They're throwing out their stuff, and they're reading things, and they want to talk about it. It's not just this just happened one day, it's because there's something going on in that environment that Tricia in nurturing and encouraging that those teachers just might do something different. Those kids might just be moved. That's where we need to focus our time and energy. What's going on in those spaces? Why is Tiana able to move these children in ways that are really powerful? Everyone's out here talking craziness but really, the really important work of changing the heart to mind of children and educators is happening, we're just not paying attention.

Sonja: What's frustrating, Kim, too, is we keep being bombarded with research that says, "This work matters. It's important. It's making a difference and all kids benefit from having teachers of color, particularly black teachers. Not just for black kids, but for white kids, too." Every day there just seems to be some new study, and some research that we can wrap our hands around and say, "Hey, we have all of this to draw from." It's encouraging to hear that this progress is happening in your school, Tricia. I really hope that other educators who are not just educators of color, but all educators who are warriors in this work can stay the course.

I want to talk a little bit about the work Tiana is doing in writing workshop. We were chatting recently and Tiana said that writing workshop is about creating a space where students can be heard, not necessarily always understood. I'm wondering if you could just unpack that a bit and talk about the work you've been doing around writing and trauma and the difference that work makes in the lives of students from racially and culturally diverse backgrounds, and what educators can do to mitigate their, or their school leader's anxieties and concerns about student's sharing too much, or "What do I do with this content? Is it inappropriate for school?" How they can just really keep the focus on their student. If you could just talk about that, Tiana.

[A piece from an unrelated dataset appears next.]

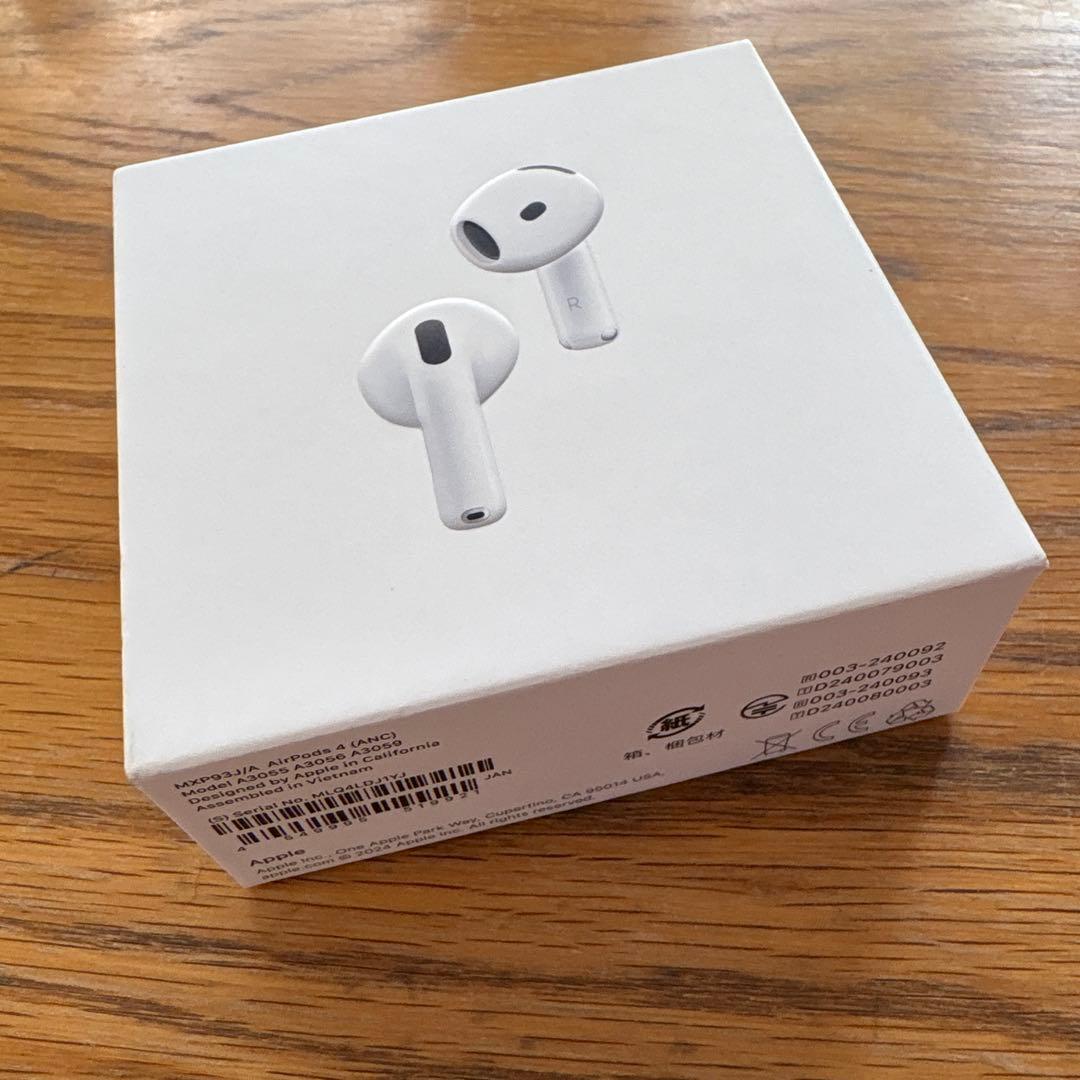 ★新品未使用未開封★保証残あり★AirPods 4 MXP93J/A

Tiana: Yeah. I feel like writing is that place in a classroom where you can build this intense sense of community. It's a place where strangers can come together and find common threads that they may have not known about. I think every individual's experience can be different in writing. I think about a student that I once had, I had him for two years, and basically it appeared that writing transformed himself. He said to me, he said, "I can do this thing. Writing, I have something to say, Ms. Tiana, to the world and the world needs to hear it." When I first met this student, he wouldn't even speak. With 25 percent of our children and adolescents facing some type of trauma throughout their lives, writing is critical for students to have to affirm who they are to be able to not only develop their oral written expression but their emotional expression, too.

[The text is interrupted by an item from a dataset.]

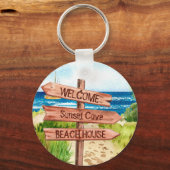 ウェルカムビーチ短期レンタルバケーションホーム キーホルダー (正面)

A child should never be forced to write about a particular topic, or an experience they had. What a child chooses to write about depends on how the community of writers is cultivated and nurtured. I do think that writing is this place to disrupt a process systems. I think it's that way because I think writing has been driven by the white dominant narrative forever. What are teachers doing even in the elementary section of our education to really push the methods, and the resources, and the supports that are in the student's hands and basically ask that question, "Whose voice is being privileged here?" How do I disrupt those methods and materials that represent a type of power and control and bring in who the student is, wholly the student is. Students are amazing, they're intelligent, they bring so much to the table.

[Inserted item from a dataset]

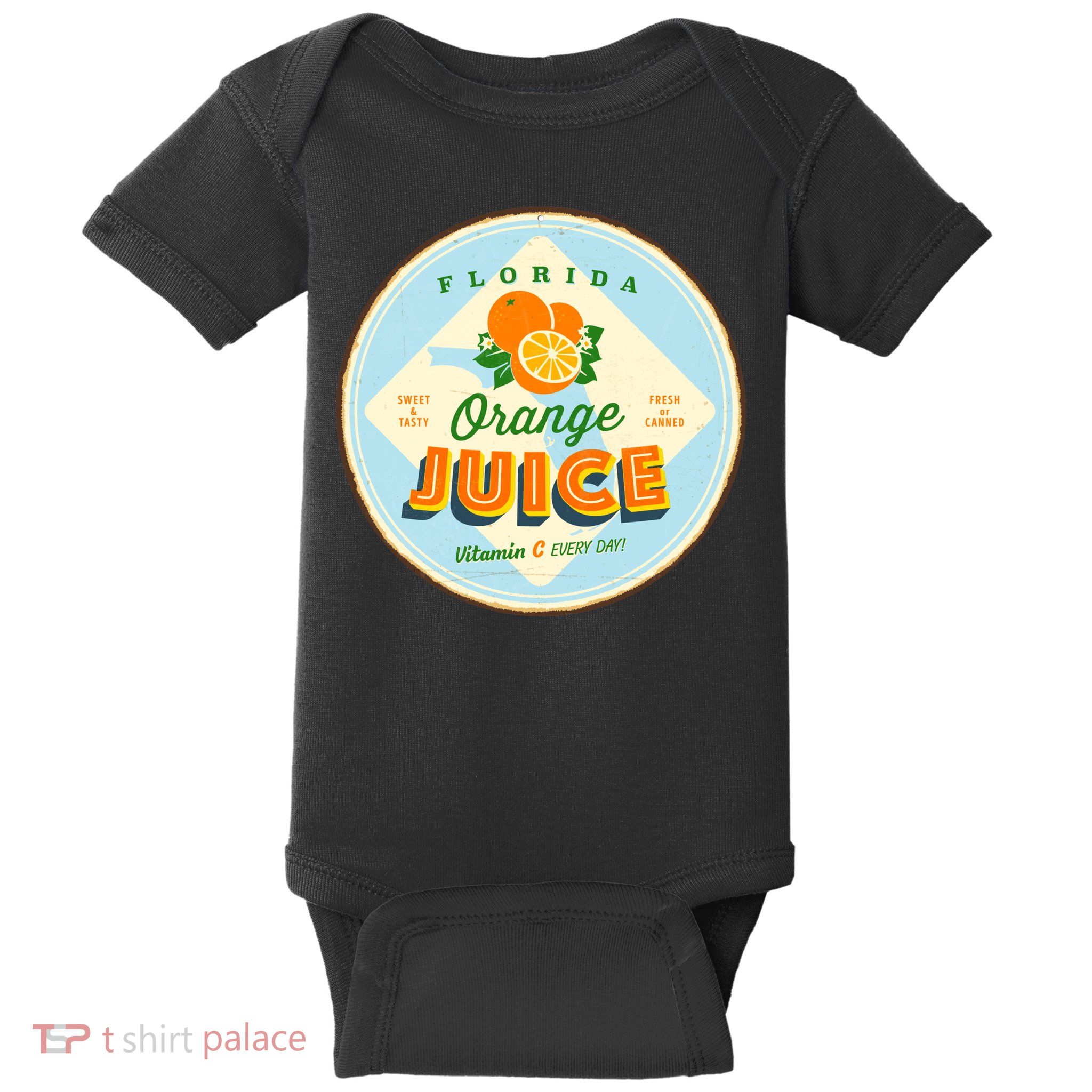 Florida Orange Juice Vitamin C Everyday Baby Bodysuit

Often, that is completely boxed in because of this dominant narrative. I hear that students, "Oh, they're not writing like this." Well, they're not writing like how you envision them writing because you're boxing them in. You're doing it under your narrative, your story, the way you learned how to write. I think about also Elizabeth [inaudible 00:22:43] novel [Poedex 00:22:45], amazing work. This resonates with me, she said, "Late into the night, I write and the pages of my notebook swell from all the words I've pressed onto them. It almost feels like the more I bruise the page, the quicker something inside me heals."

As an elementary school teacher, I just hope that writing, I don't even want to say workshop anymore because I don't like the term workshop but writing studio, just writing in general, is a place for kids to be themselves, present themselves and bruise those pages with whatever it is, whether it be working through something emotional, or really trying to get someone's attention to change the world.

Sonja: As you were talking about just the teaching of writing also can be an oppressive system for our students, I'm just thinking about a thread throughout our conversation is just the importance of teachers, all teachers, teachers of reading, teachers of writing, all teachers, it's essential for them to confront their own bias in order to teach well.

Kim: Yeah, I think it all stems from what we think we know. What are the taken for granted notions. If we assume that children are coming to us with no funds of knowledge, or anything of value, then of course, right, they need formulas and everything else. Without failing to understand that in terms, for example, black folks in this country, we have always been literate, we have always valued literacy, we have always found ways to be literate. I think it does come back to teachers and other educators thinking about why do they believe that. Then really working hard to find the counter narratives that disprove those notions.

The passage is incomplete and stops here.